# Duck Hunting Redlands WMA



## bow_hunter125 (Jan 12, 2008)

Has anyone had any luck at Redlands? I haven't shot the first duck this year (did get a goose on a friends lease though).


----------



## deerhunter2222 (Jan 13, 2008)

I hunt it a good bit and see ducks everytime i go! But with all the people that go down there and skybust everything, that keeps the ducks way up in the sky! I have killed 4 ducks there this year out of three trips. People will set up right next to you and skybust everything so you wont have a chance!

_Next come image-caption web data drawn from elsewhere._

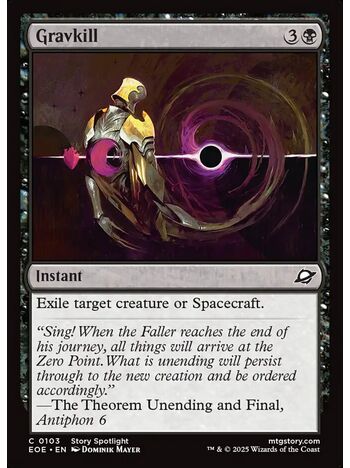 Gravkill
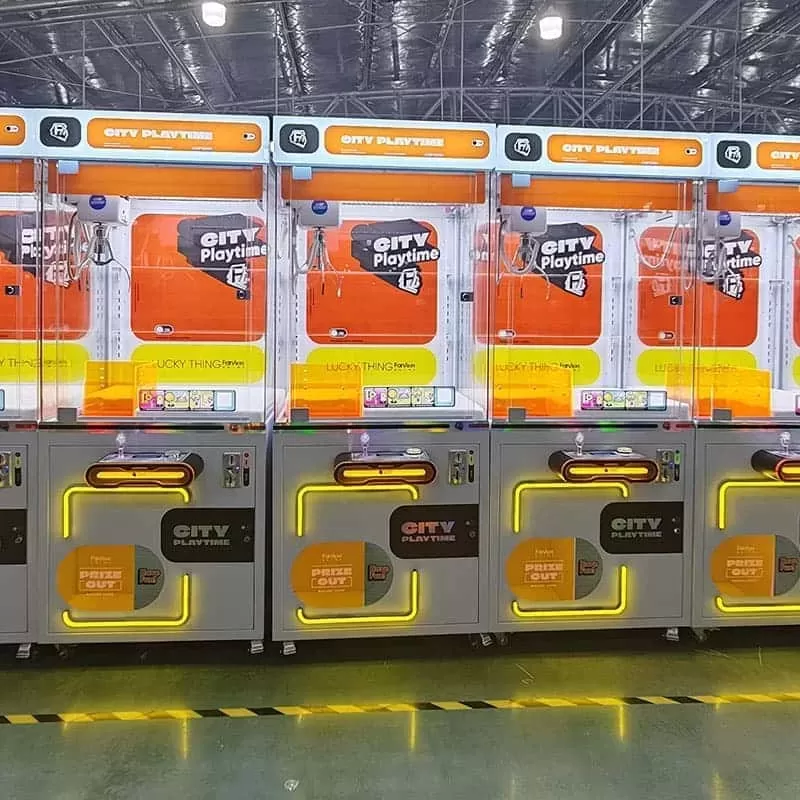 Claw Machine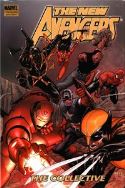 NEW AVENGERS PREM HC VOL 04 COLLECTIVE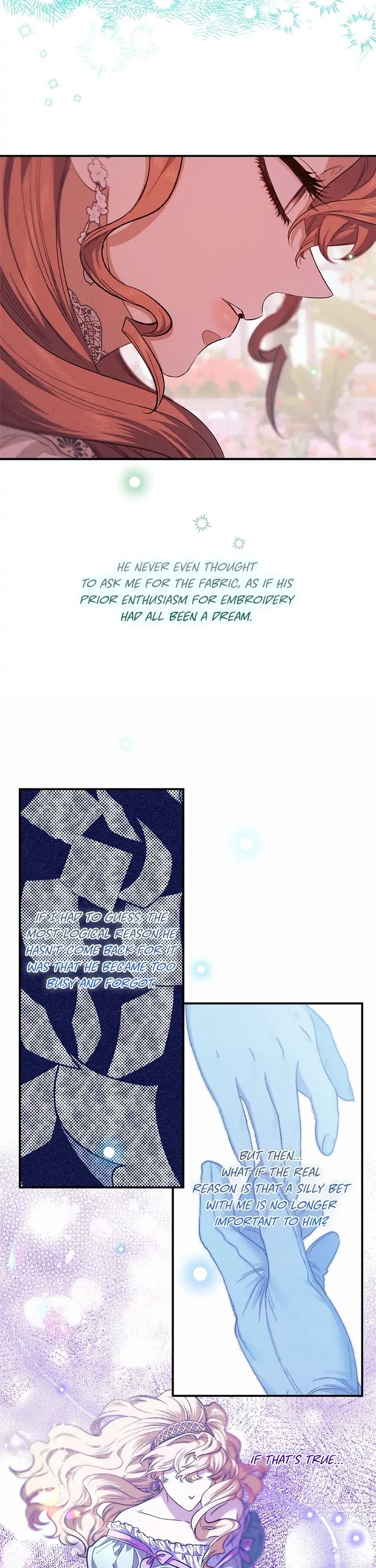 Is It Fortune or Is It Woe? chapter 97 page 6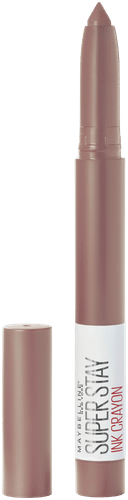 Maybelline 纽约超级持久墨水蜡笔唇膏 10 Trust Your Gut 1,5g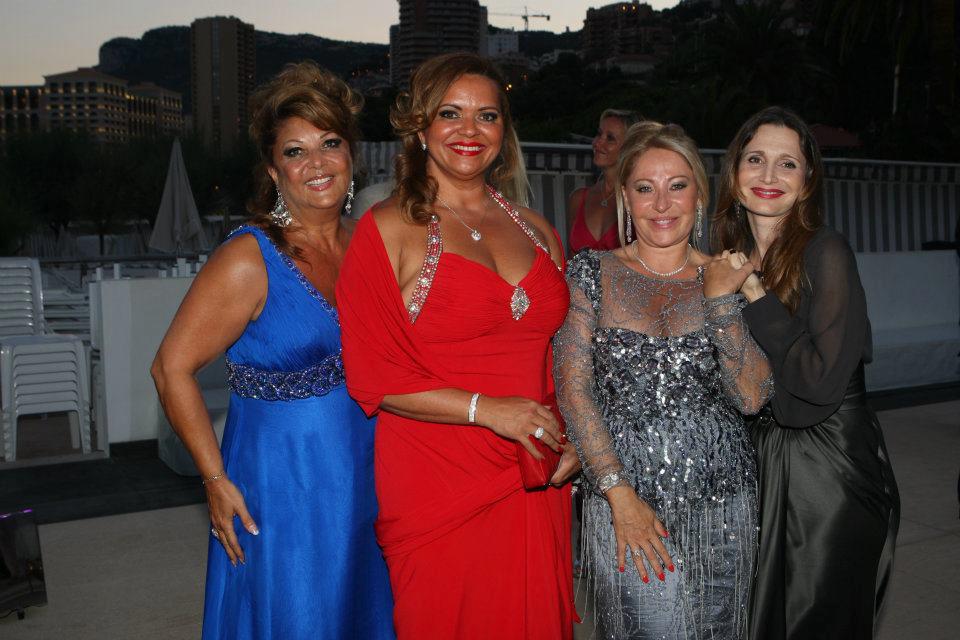 Gala Les amis du Liban 2012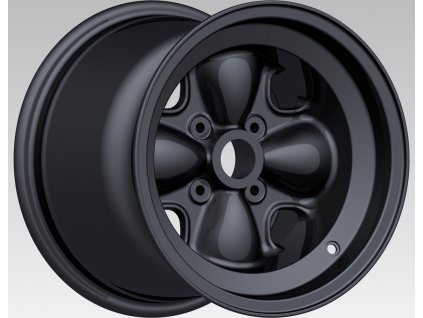 MAXILITE Brabham 8x13 4x101,6 ET-12 černá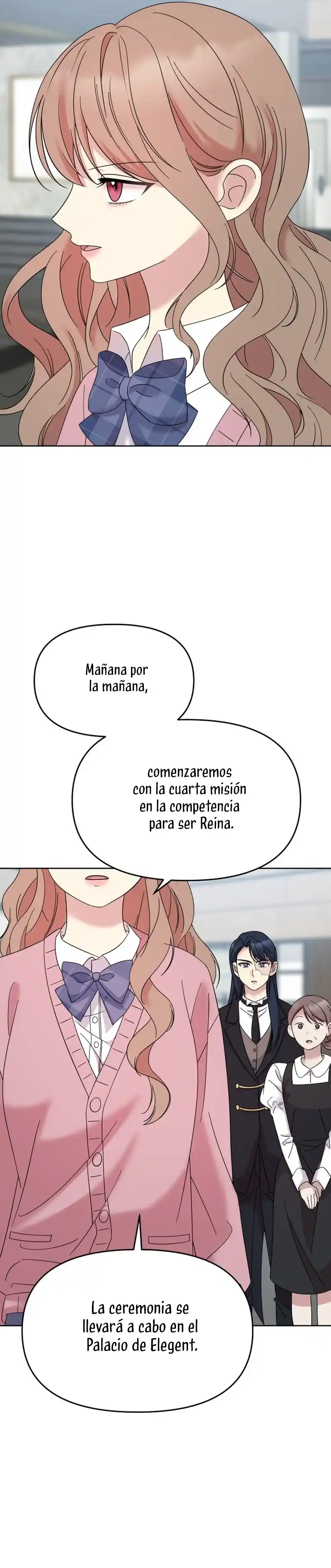¡Por Favor, Mayordomo! - Capítulo 65 - Página 28 - LectorTMOo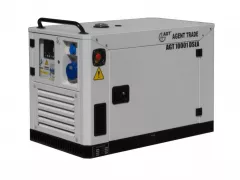 AGT 10001 DSEA + ATS 22S Generator monofazat, 8.5 KVA + Automatizare
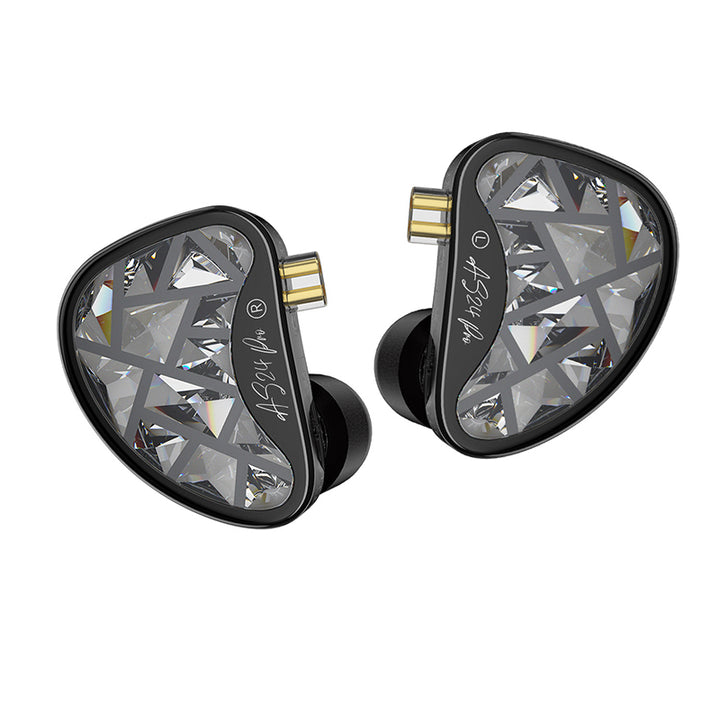 【KZ AS24 Pro】24BA Drivers In-Ear Monitor, High End Tunable HiFi IEM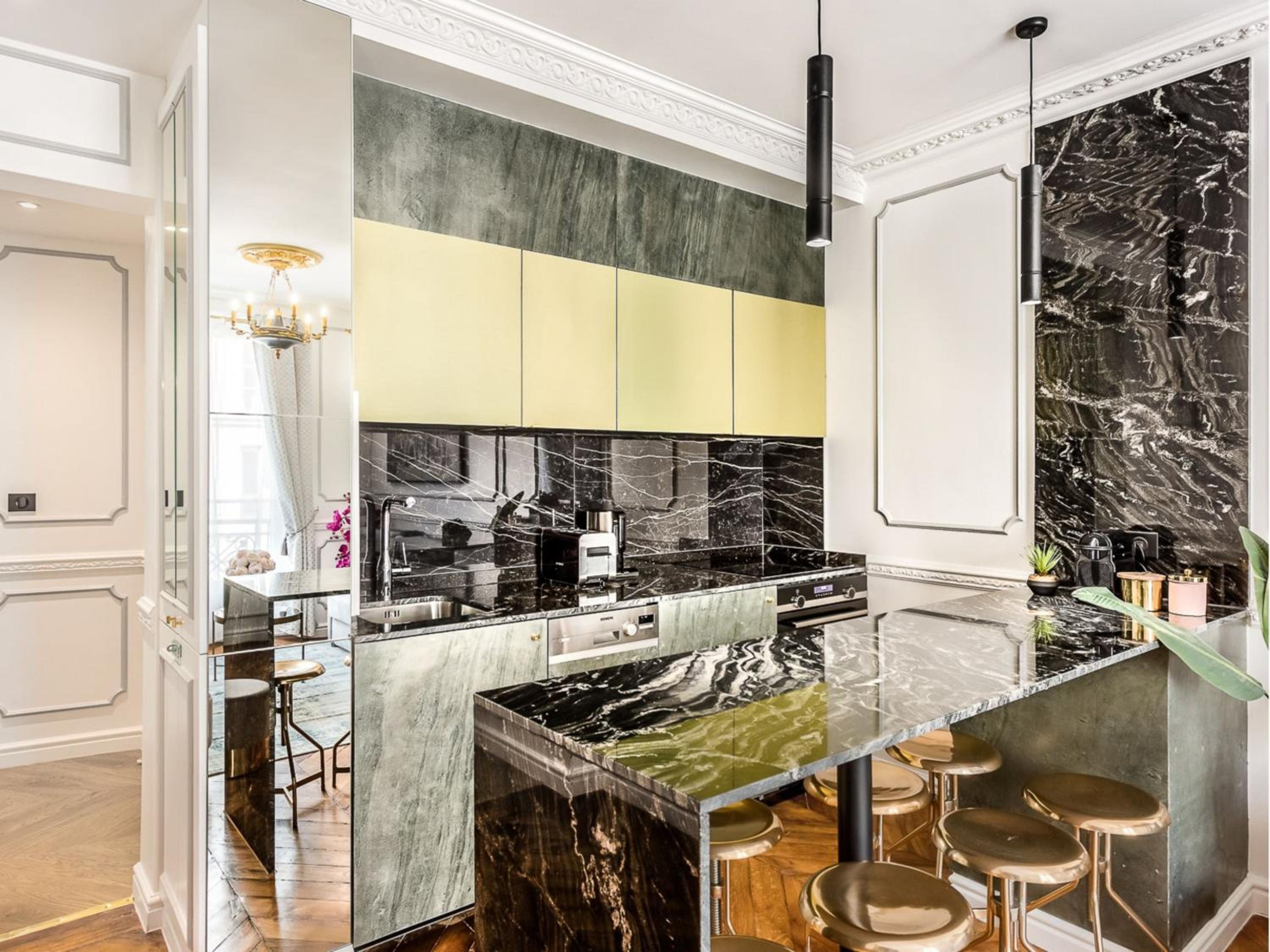 Merveil - Luxury Suite - Louvre - Sebastopol II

Good Luck


----------



## ugabulldog56 (Jan 13, 2008)

try posting that question at www.duckhuntingchat.com go to the state of georgia forum.


----------



## Big A (Jan 13, 2008)

it's tough huntin on the Redlands.  The only place I have ever had any luck was in the swamps.  The sky bustin on the big water is just too much to have any luck.  Also on the big water people are not scared to set up w/in 100 yards and shoot at everything they see, including peppering you!!!


----------



## bow_hunter125 (Jan 13, 2008)

We haven't really ran into any other people down there (duck hunting), but this is only the second season we have been hunting it.  The dove fields were ridiculous back during the first season!  Too many people down there for my liking, but what can you expect, it's public land!


----------